EXERCISE DESCRIPTION –
Would you print out all of the data exactly and keep the pictures out of it?

Source data –
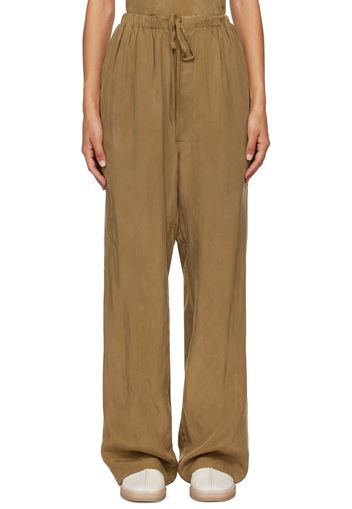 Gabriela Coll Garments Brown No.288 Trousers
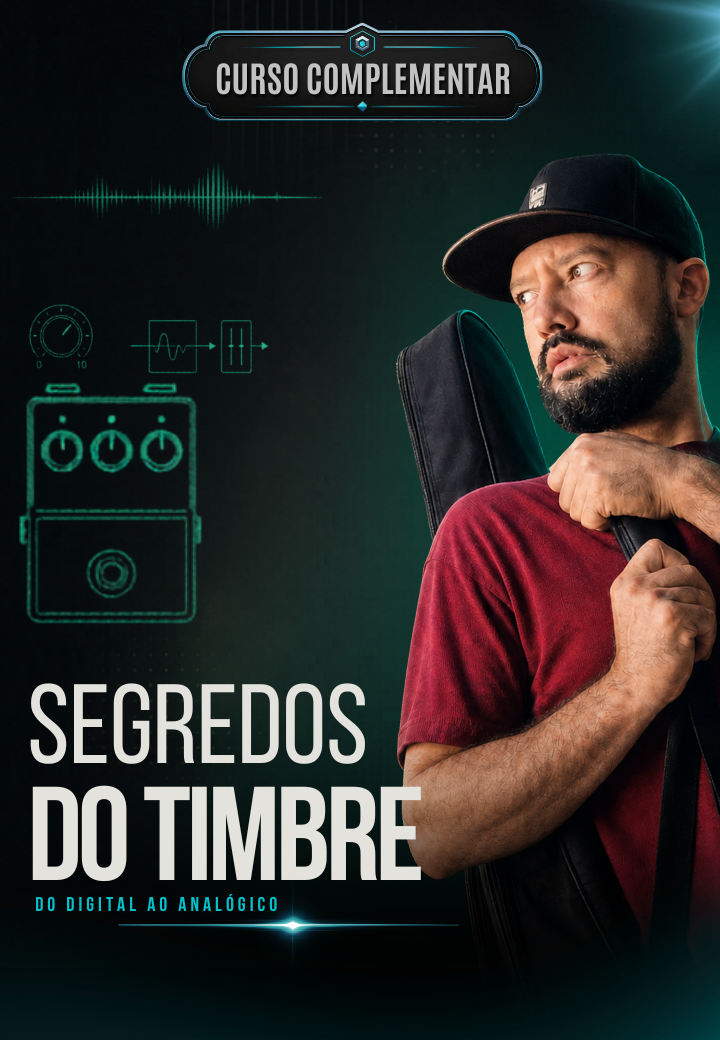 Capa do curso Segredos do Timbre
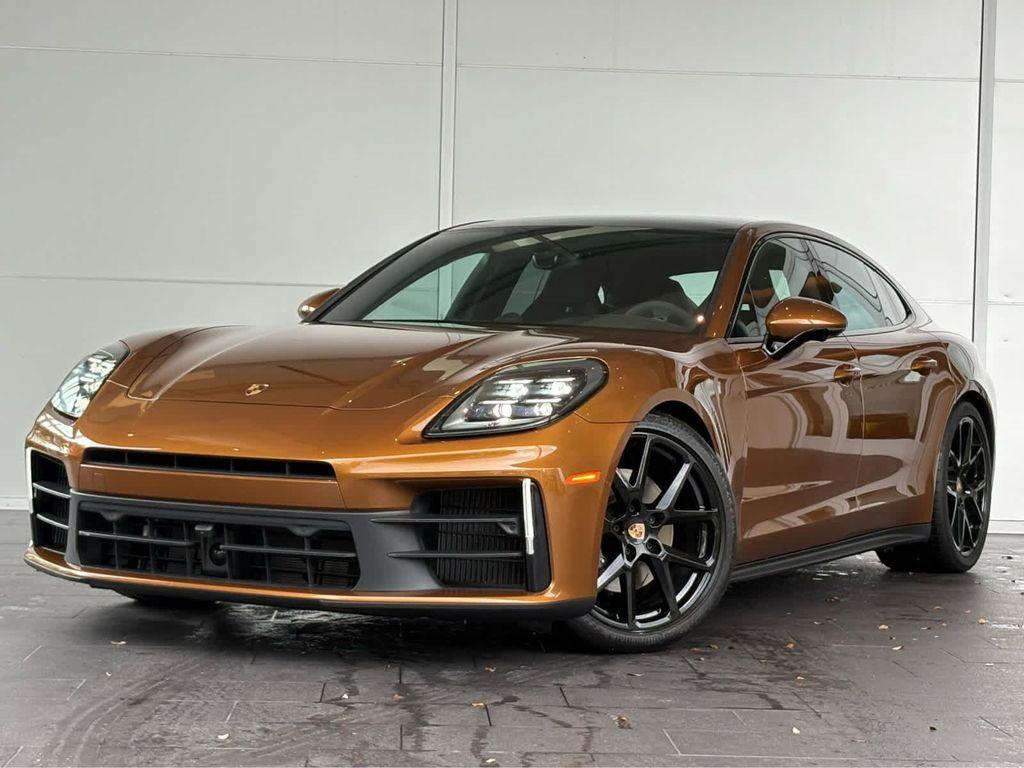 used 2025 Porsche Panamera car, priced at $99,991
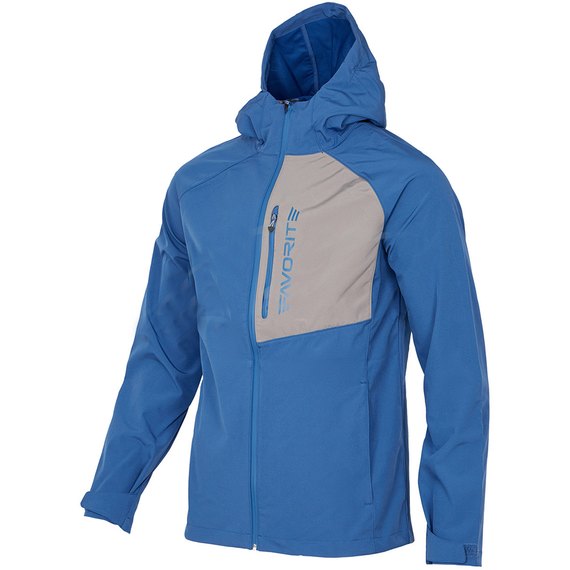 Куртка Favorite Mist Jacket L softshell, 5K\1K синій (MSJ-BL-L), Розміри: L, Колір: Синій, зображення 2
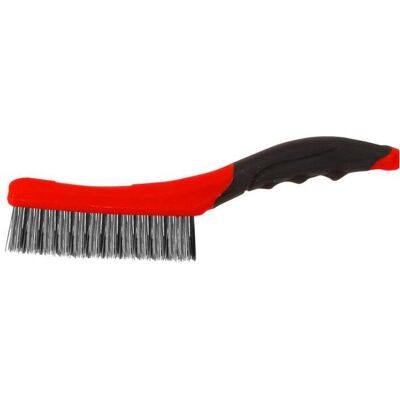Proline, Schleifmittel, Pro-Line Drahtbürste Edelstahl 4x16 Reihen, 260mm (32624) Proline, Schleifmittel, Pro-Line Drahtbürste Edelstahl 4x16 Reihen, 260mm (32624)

EXERCISE RESULT –
 Gabriela Coll Garments Brown No.288 Trousers
 Capa do curso Segredos do Timbre
 used 2025 Porsche Panamera car, priced at $99,991
 Куртка Favorite Mist Jacket L softshell, 5K\1K синій (MSJ-BL-L), Розміри: L, Колір: Синій, зображення 2
Proline, Schleifmittel, Pro-Line Drahtbürste Edelstahl 4x16 Reihen, 260mm (32624) Proline, Schleifmittel, Pro-Line Drahtbürste Edelstahl 4x16 Reihen, 260mm (32624)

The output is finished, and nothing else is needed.